Tuesday, September 20, 2011

You Can’t Mass Market Passion

After engaging in some light debate on a HuffPo piece by Whitney Tilson (http://www.huffingtonpost.com/whitney-tilson/do-schools-matter_b_967425.html), I came to a new understanding of what exactly bothers me so much about KIPP and TFA type “reforms”. 

For some reason, my thoughts kept coming back to the image of the veteran teacher who inspired Mike Feinberg and Dave Levin to start KIPP.   (Was that on Waiting for Superman?) I’ve heard them interviewed about going to this woman during their time in TFA and learning effective techniques to inspire kids.  They said they were so impressed they decided to start a school based on her style of teaching.

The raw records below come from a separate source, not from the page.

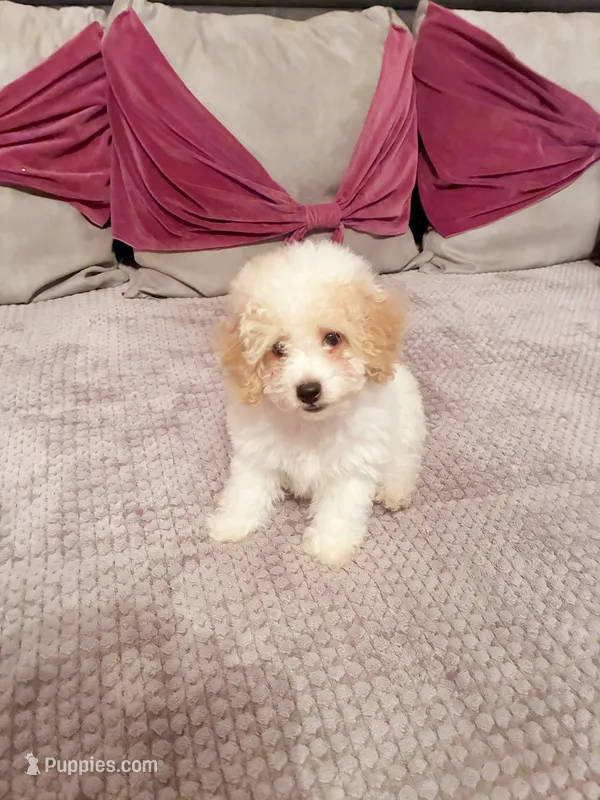 Chephren Tut  – Poodle - Toy  puppy for sale in Jersey City, NJ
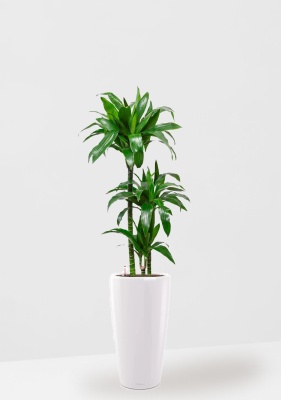 Драцена Джанет Крейг 3 ствола RONDO 32, белый блестящий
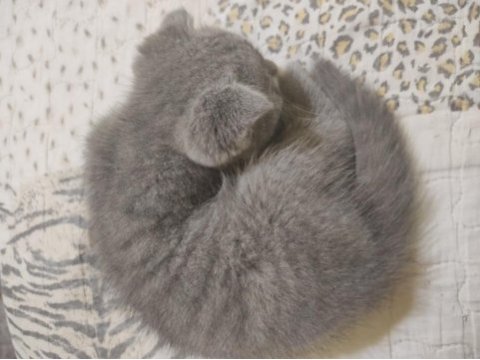 Scottish fold kedim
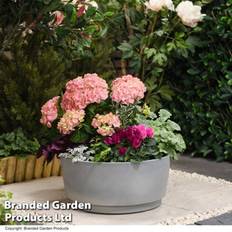 Garden Gear Concrete Effect Bowl Planter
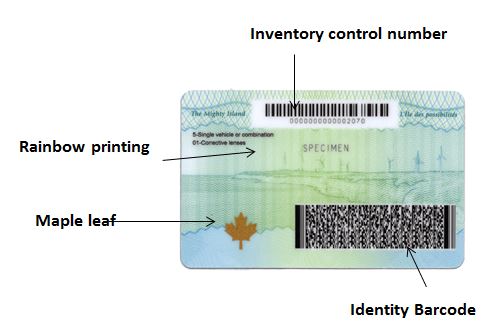 New photo ID card with security features labelled as follows: inventory control number; identity barcode; Maple leaf and rainbow printing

Basically, they took a good teacher’s good idea and mass marketed it.

My understanding is that KIPP teachers are expected to adhere to very strict guidelines including longer hours, being available by phone, and are taught specific teaching techniques to use and phrases to say.  (Kinda reminded me also of that silly binder TFA corp members are given.)   Now the thing that goads me is that many teachers do many of these practices already.  I know many public school teachers who give out their cell numbers and always take a call from a student or a parent.  Most teachers arrive early and stay late anyway.  And nearly all teachers are looking to improve their teaching techniques and may use many of the same ideas.
The problem is that the KIPP model tries to make their schools “teacher proof”.   Perhaps this is why teachers turn over so quickly there, they are expendable.  It doesn’t really matter if they work them too hard, as long as they follow the given rules, teachers are interchangeable. 

I could go on about respect and dignity in the workplace, but I believe there is a more fundamental problem with this type of model.  Great teachers may use many of the techniques that KIPP does, but they may also throw all those ideas out the window IF THEY DON’T WORK.  That’s the thing about teaching unpredictable, creative, impulsive, individual children, there’s no telling what they will do!  Listen to a teacher’s stories someday about the crazy unexpected things that happen on any given day in their classrooms.  It’s all part of the magic.

However, teachers who were never properly trained, who are relying on scripted curriculum and pre-packaged phrases are not ready to capture many of those teachable moments.  Part of being a professional is always adding to your practice.  And a seasoned teacher has a bag of tricks ready for nearly any situation.  

KIPP and TFA negate the autonomy, the creativity, and the passion that real powerful teaching requires.   It cheapens it into something that can be copied quickly.  “Do a chant in class and the kids will learn!”  Fine, that probably does work for some kids.   In fact, I love that idea.  I’ve used that idea.  But depending on the kids in front of me, sometimes that’s not the way to go so I try something different.  No wonder many kids leave charters, the young untrained teaching force is not prepared for their unique learning styles.  And then they blame the child.  I believe it’s called “no excuses”.

A school’s mission should be to give teachers the best possible learning environment and then let them do what they do best.  Figure out the puzzle that is each individual child. We have it backwards in America, we underfund, overcrowd, and stack the deck against even a good teacher, then we tell them what to do and tell them they’d better step in line or risk being held “accountable”.
Did the founders of KIPP forget that veteran teacher who taught them so much?  Do they really not recognize that great teachers like that are great not because of the “right words” or “right strategies” but because of the passion and creativity they bring?  The power to inspire a child cannot be cultivated without serious effort and time as well as encouragement and support.  And they sure can’t be picked up a “Teacher R’Us” and then replaced as needed. 

Let me pull from my bag of teacher tricks now…what is needed for teachers is more encouragement, support, and maybe a gold star wouldn’t hurt.